The report, which was curated by the Ministry of Electronics and Information Technology (MeitY) and ICEA, provides a year-wise break-up and production projections for the various products that will lead India’s transformation into a US$300 billion electronics manufacturing powerhouse, from the current US$75 billion.
Amongst the key products that are expected to lead India’s growth in electronics manufacturing include mobile phones, IT Hardware (laptops, tablets), Consumer electronics (TV and audio), Industrial electronics, Auto electronics, Electronic components, LED Lighting, Strategic electronics, PCBA, Wearables and hearables, and Telecom equipment.
Mobile manufacturing that is expected to cross US$100 billion annual production – up from the current US$30 billion – is expected to constitute nearly 40 percent of this ambitious growth.
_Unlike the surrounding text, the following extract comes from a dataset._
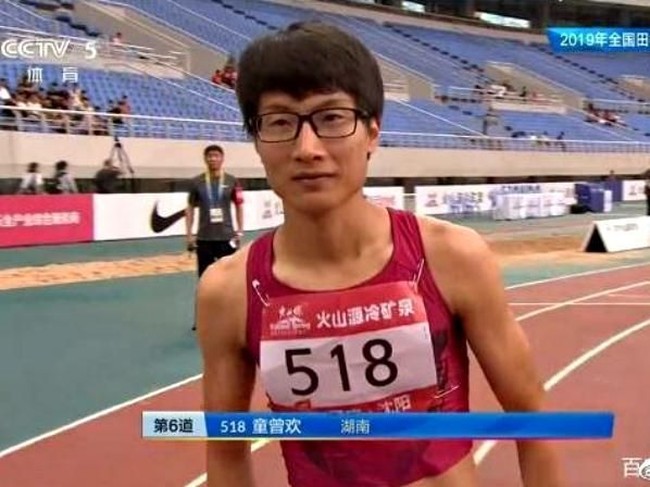 Dugaan kalau Liao dan Tong adalah pria makin menguat setelah video yang diambil saat mereka mengikuti kejuaraan lari di Yokohama, Jepang, pada Mei 2019, viral. Dalam video yang telah dilihat sebanyak 28 ribu kali itu, netizen dibuat takjub dengan Liao yang tak hanya berpenampilan seperti pria, tapi suaranya juga dalam dan terdengar maskulin. Foto: Next Shark/ South China Morning Post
The domestic market is expected to increase from US$65 billion to US$180 billion over the next 5 years. This will make electronics amongst India’s 2-3 top ranking exports by 2026. Of the US$300 billion, exports are expected to increase from the projected US$15 billion in 2021-22 to US$120 billion by 2026.
IT minister Ashwini Vaishnaw said that discussions had taken place with the labour ministry to facilitate the functioning of large factories that can hire 40,000 to 100,000 workers. He added that the government is also taking steps to create basic infrastructure for industrial zones and has identified at least three locations where this can be done. He also asked the industry to help identify more areas where such industrial zones can be created. “Once we create one, I’m sure all other states may compete and will try to create similar zones,” he said.
The five-part strategy to reach the US$300 billion goal, based on an “all of the government” approach, sharply focuses on broadening and deepening electronics manufacturing in India.
This, by building competitiveness and scale by attracting global electronics manufacturers/brands, shifting and developing sub-assemblies and component ecosystem, building a design ecosystem, nurturing Indian champions and steadily removing cost disabilities faced by India.
The Vision Document makes a strong recommendation on the need to focus on aggregate domestic value addition in the electronics sector, as India transforms from its current state to one that is gearing to compete with the likes of China and Vietnam.
The report seeks a competitive tariff structure on electronic components and removal of all regulatory uncertainty to put India on the path to US$300 billion electronics manufacturing. The report recommends a “winner takes all” strategy backed by economies of scale and global competitiveness, new and revised incentive schemes for some sectors, and the need to address issues of sustainability and ease of doing business.